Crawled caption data
========

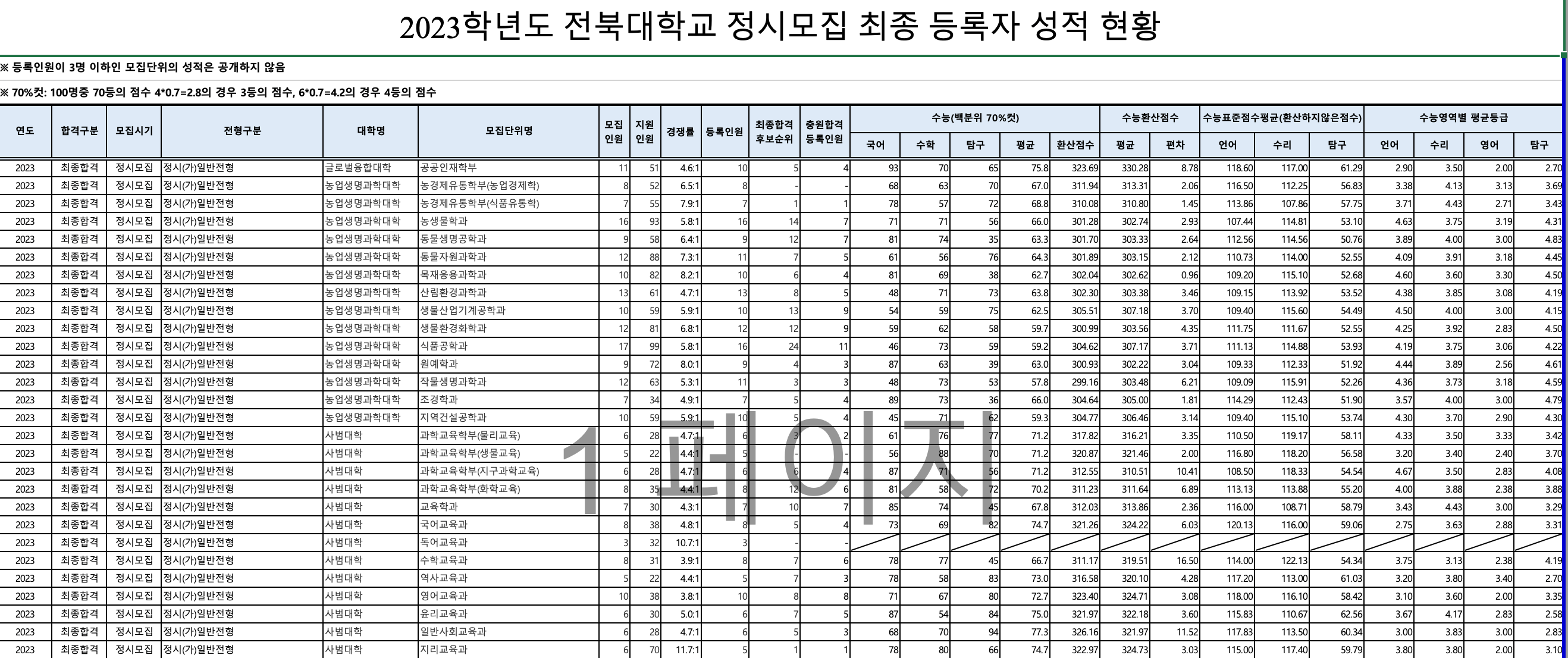 2023 전북대 정시 입시결과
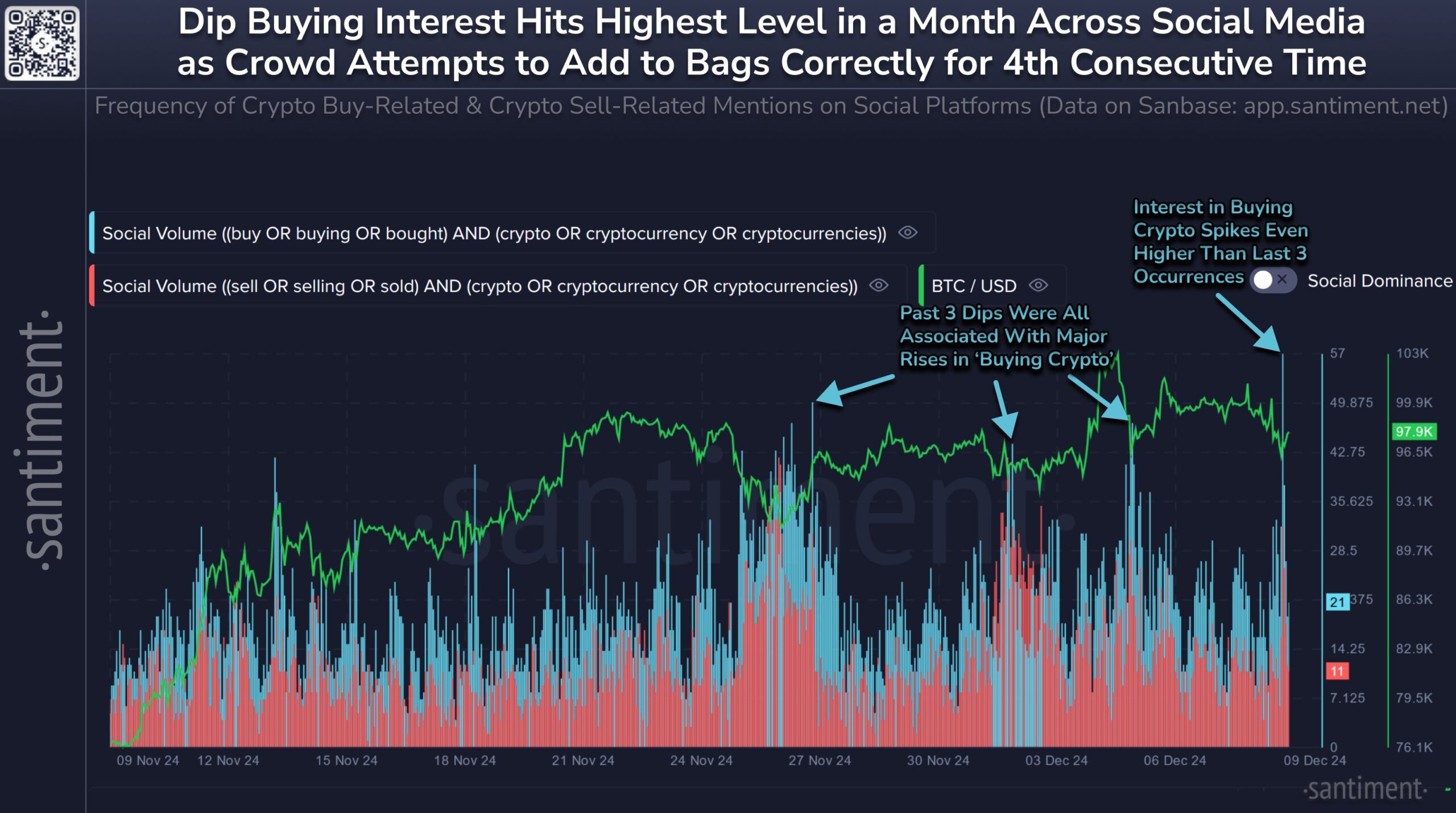 Buying Interest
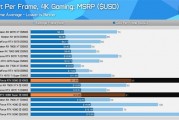 最新4K显卡性价比排行榜！AMD RX 9070 XT真的香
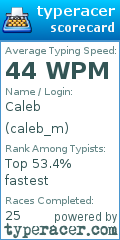 Scorecard for user caleb_m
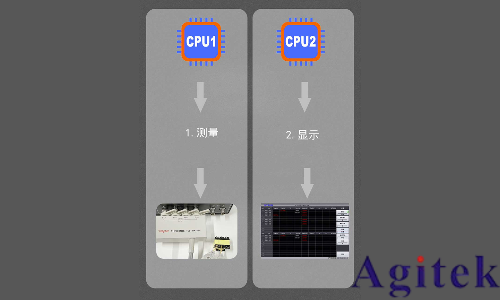 同惠TH2840在高速測試領(lǐng)域的應(yīng)用(圖1)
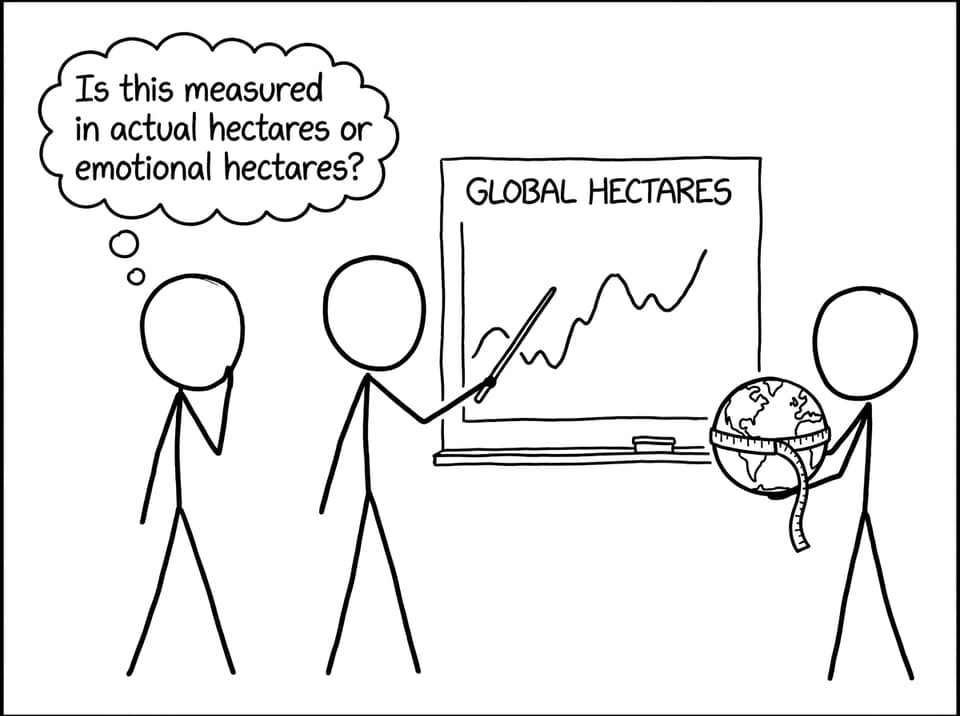 “Emotional hectares” classroom joke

========

_TASK STATEMENT_
Without including any picture, repeat the data exactly.

_EXPECTED ANSWER_
 2023 전북대 정시 입시결과
 Buying Interest
 最新4K显卡性价比排行榜！AMD RX 9070 XT真的香
 Scorecard for user caleb_m
 同惠TH2840在高速測試領(lǐng)域的應(yīng)用(圖1)
 “Emotional hectares” classroom joke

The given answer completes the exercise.